- **Work instructions**
Make an exact copy, from the records below, of the lines from the line containing "サン・ドエルのキッチン|室内の写真は同じ建物内の別のお部屋のものです。" to the line containing "MINI Cooper Classic Trim - 5", both lines included, excluding pictures.
-- Data for processing follows --
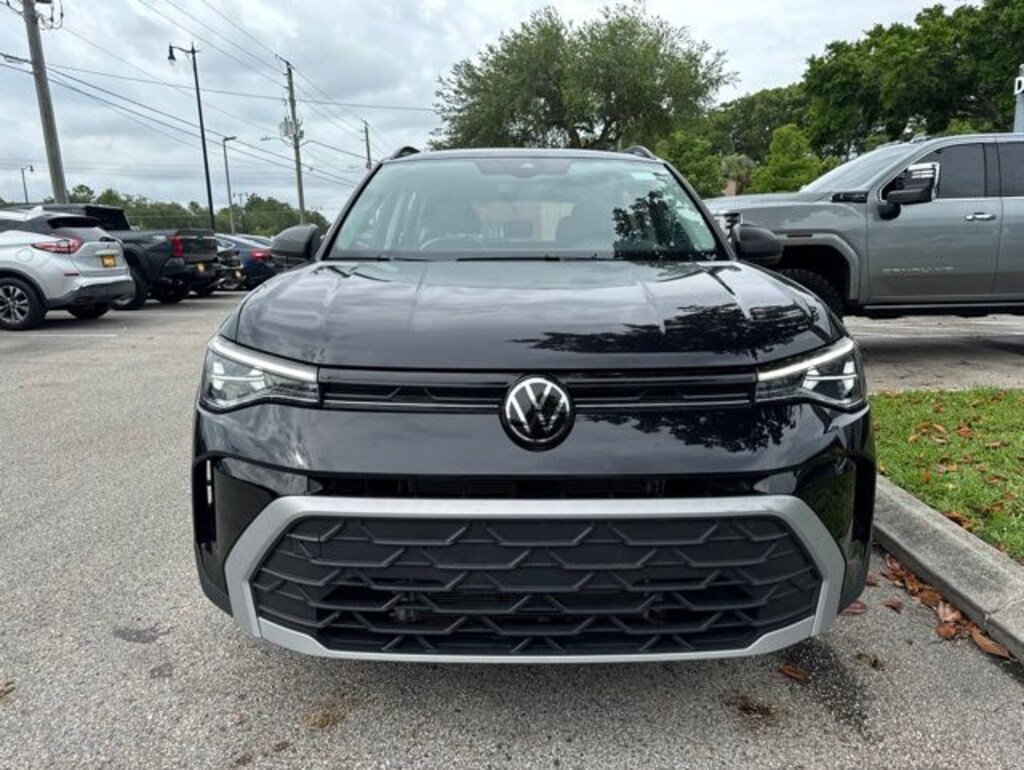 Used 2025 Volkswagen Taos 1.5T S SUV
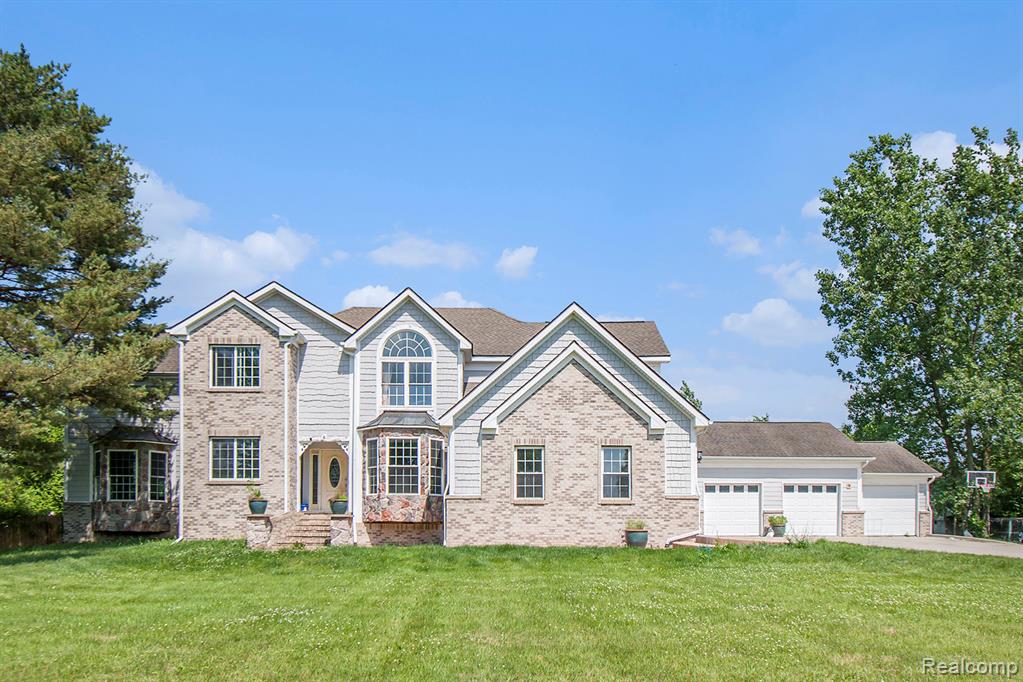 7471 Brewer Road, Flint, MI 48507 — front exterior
-- Data for processing concluded --
-- Data for processing follows --
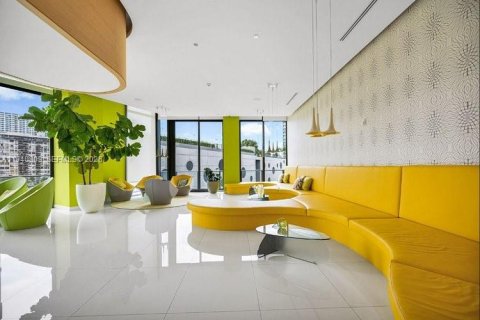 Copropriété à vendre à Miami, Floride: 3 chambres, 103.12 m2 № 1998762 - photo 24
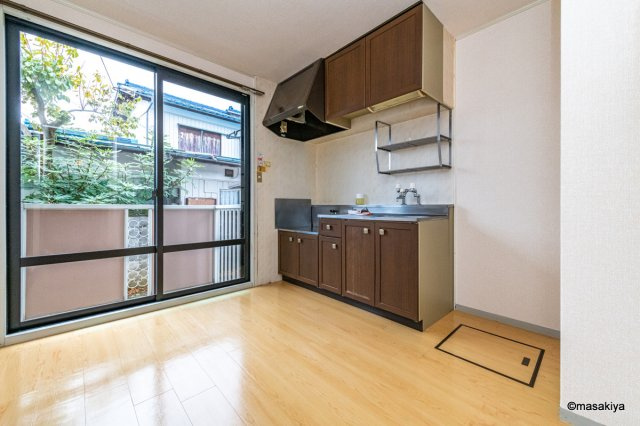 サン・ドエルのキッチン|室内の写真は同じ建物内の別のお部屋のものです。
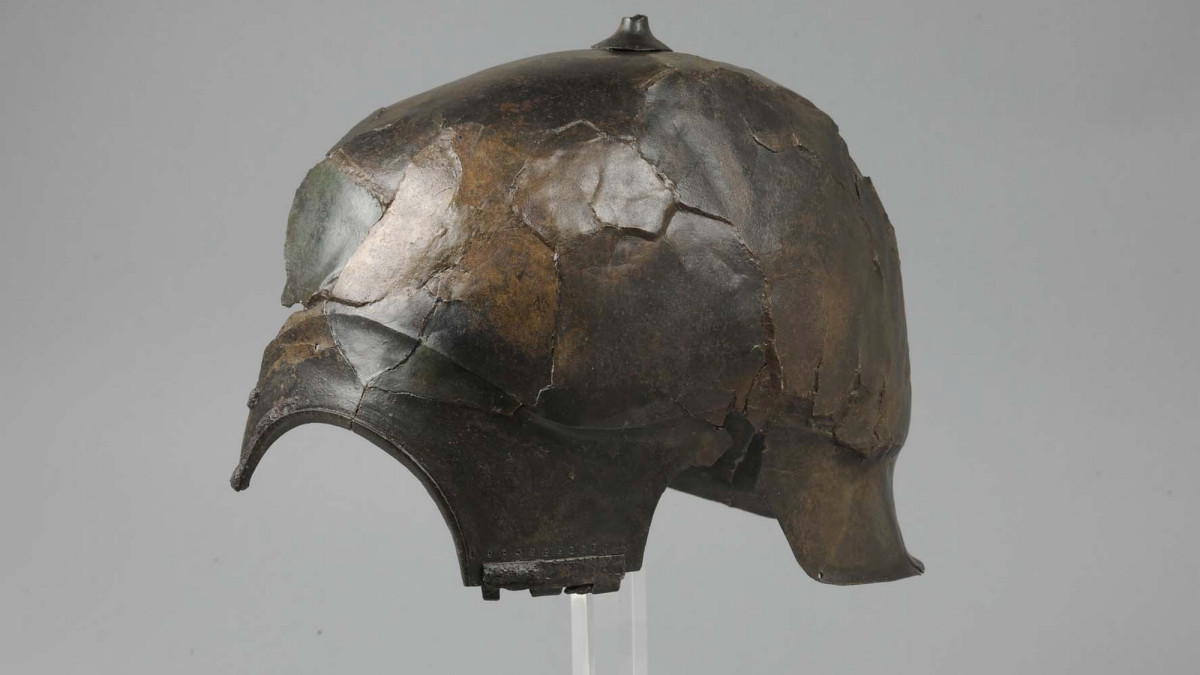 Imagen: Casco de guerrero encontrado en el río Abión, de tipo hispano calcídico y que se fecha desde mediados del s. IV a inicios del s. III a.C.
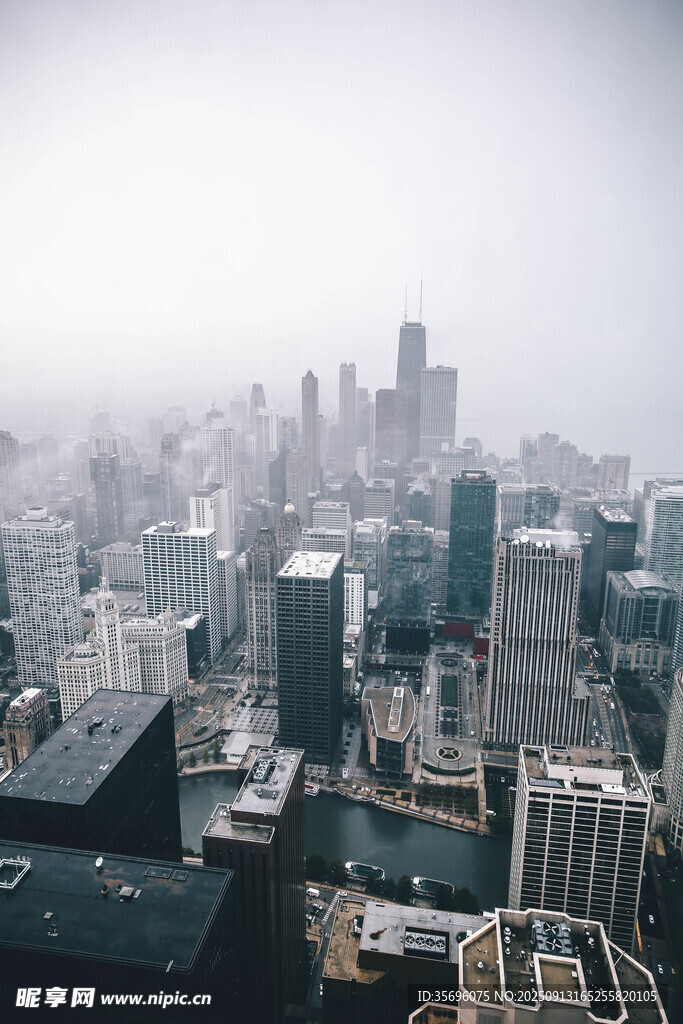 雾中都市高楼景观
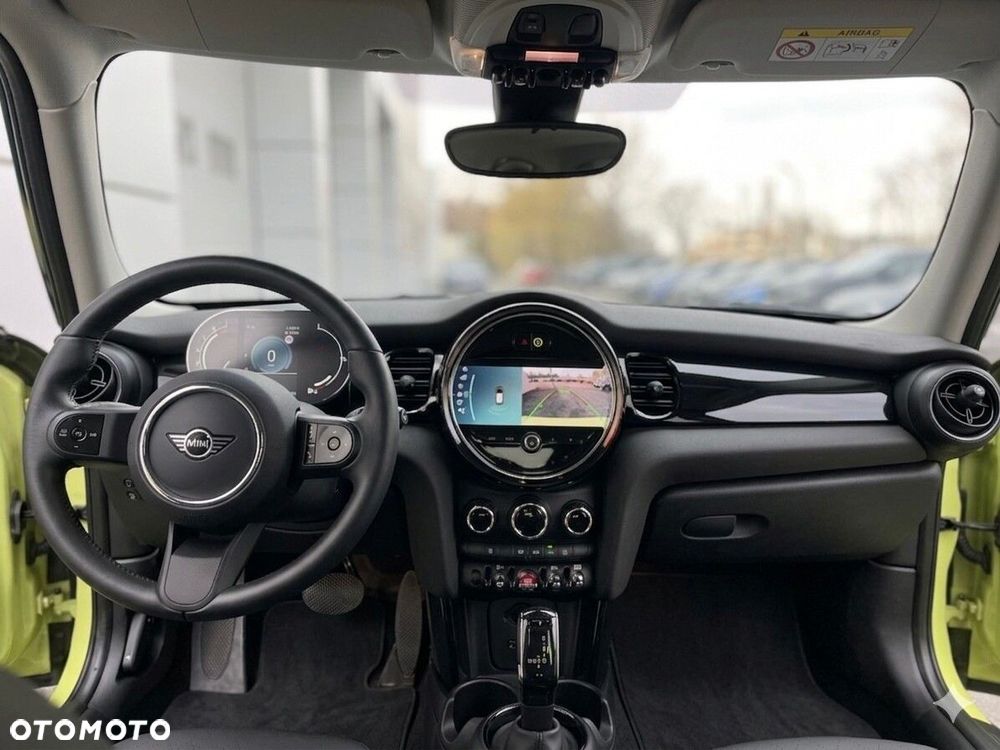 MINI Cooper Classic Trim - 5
-- Data for processing concluded --
- **Answer below**
 サン・ドエルのキッチン|室内の写真は同じ建物内の別のお部屋のものです。
 Imagen: Casco de guerrero encontrado en el río Abión, de tipo hispano calcídico y que se fecha desde mediados del s. IV a inicios del s. III a.C.
 雾中都市高楼景观
 MINI Cooper Classic Trim - 5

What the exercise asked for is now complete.